Appellant's final claim of reversible error on voir dire examination is also without merit. Anzalone contends that the district court judge erred when he questioned the prospective jurors collectively as to their opinions about drugs and as to any experiences they or others they knew had had with drugs. He asserts that the responses given by several jurors in the presence of other jurors were prejudicial. There is no support for this argument. Indeed, appellant gives no authority, and case law is directly contradictory to his position. See United States v. Casey, 835 F.2d 148, 152 (7th Cir. 1987) (national attention to the long standing problem of drug trafficking does not create need to question jurors individually); United States v. Dennis, 786 F.2d 1029, 1044 (11th Cir. 1986), cert. denied, 481 U.S. 1037, 107 S. Ct. 1973, 95 L. Ed. 2d 814 (1987).

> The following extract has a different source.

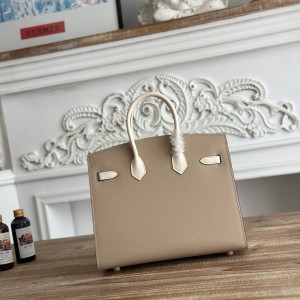 「#4656」Hermes Birkin trench coat grey/milkshake white epsom leather, gold buckle, hand-sewn wax thread 25cm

In addition, the response which appellant contends was prejudicial to the remaining jurors does not appear to be so. A juror indicated that her son had been arrested for possession of marijuana and had since straightened out, gotten married, and had a child. In Dennis, the prospective jurors were also questioned in the presence of other jurors about their life experiences with drugs. Five jurors responded that they had had bad experiences, including one juror who stated that her oldest child had been murdered in a drug killing. That court held,
we find the statements made by the five panel members who were excused to have been insufficient to require the court to conduct additional voir dire of the remaining panel members. At most, the statements served to heighten the remaining jurors' awareness of some of the possible consequences of drug use. We are not convinced that they posed any threat to the fairness and legality of the defendant's trial.

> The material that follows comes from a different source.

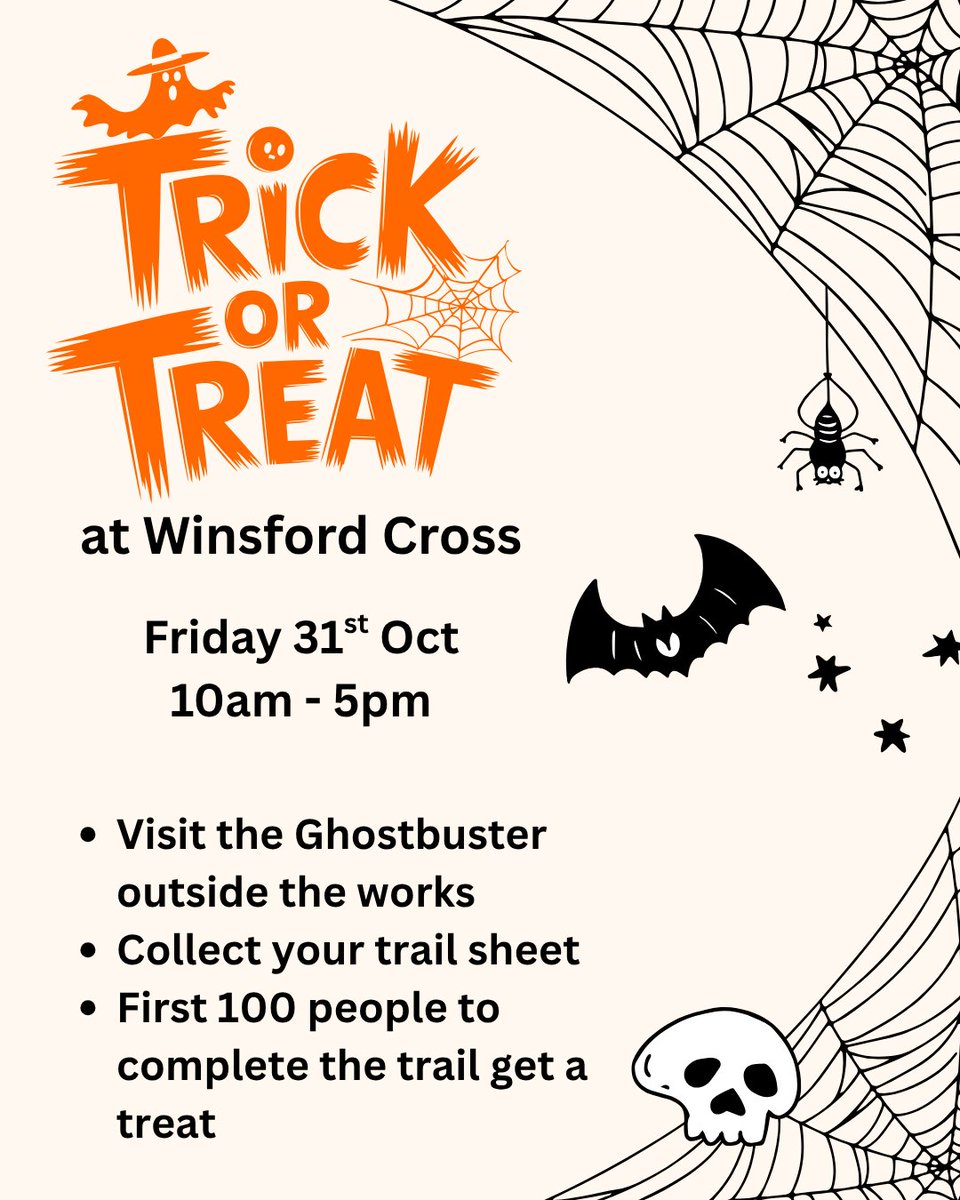 👻 Don’t forget the Winsford Cross Halloween Trail is happening tomorrow from 10AM–5PM!
🕵️‍♀️ Collect your trail sheet from the Ghostbuster outside <a href="/theworks/">theworks</a>
🔍 Hunt for spooky characters around the centre
🍬 Return your sheet to claim your FREE bag of sweets...be quick!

Id. at 1044. Appellant has failed to show that the district court abused its discretion in not questioning jurors out of the presence of other prospective jurors regarding this matter.
"Since [there is] no abuse of discretion the conduct of the voir dire did not constitute error and accordingly it cannot reach the level of plain error." Flores-Elias, 650 F.2d at 1151.
The judgment of the District Court is AFFIRMED.